2. What activation functions did you choose for your output layers, and why?

3. Can you name a few ways that this model might be improved?

YOUR ANSWERS HERE

1. Accuracy may not be the best metric for this data, especially for the attrition prediction task. This is because attrition data is often imbalanced—usually, a small percentage of employees leave a company, so a model could have high accuracy by predicting that most employees stay. In this case, metrics like precision, recall, or F1 score might be better for the attrition prediction, as they would offer insights into how well the model identifies actual leavers.

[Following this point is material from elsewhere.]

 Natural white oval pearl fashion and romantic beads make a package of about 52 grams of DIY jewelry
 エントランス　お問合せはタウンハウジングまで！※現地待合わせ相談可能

For the department prediction, accuracy might be a reasonable metric if the data is more balanced across departments. However, if certain departments are overrepresented, it could still lead to skewed results.
2. For this branched neural network, two different activation functions are suitable based on the target outputs:

Attrition Prediction (Binary Classification): A sigmoid activation function is ideal because it outputs probabilities between 0 and 1, which is useful for binary classification. The sigmoid function helps in making a clear prediction about whether an employee will leave or not.

Department Prediction (Multi-Class Classification): A softmax activation function is appropriate for the department prediction branch since it outputs a probability distribution across multiple classes. This allows the model to predict the department most likely suited for the employee.
3. Hyperparameter Tuning: Adjusting parameters like learning rate, batch size, and number of epochs could improve model performance.

Additional Layers or Units: Adding more layers or units to the shared and branch-specific layers could enhance the model’s ability to capture complex patterns, particularly if it’s underfitting.

Regularization: Techniques like dropout or L2 regularization can prevent overfitting and improve generalization.

Data Augmentation and Feature Engineering: Adding more meaningful features, engineering new ones, or balancing the dataset could help the model learn more effectively, especially if there is a class imbalance.

Advanced Metrics for Evaluation: Adding metrics like precision, recall, and F1 score for binary classification and possibly AUC-ROC for attrition prediction can give more insights and aid in tuning the model.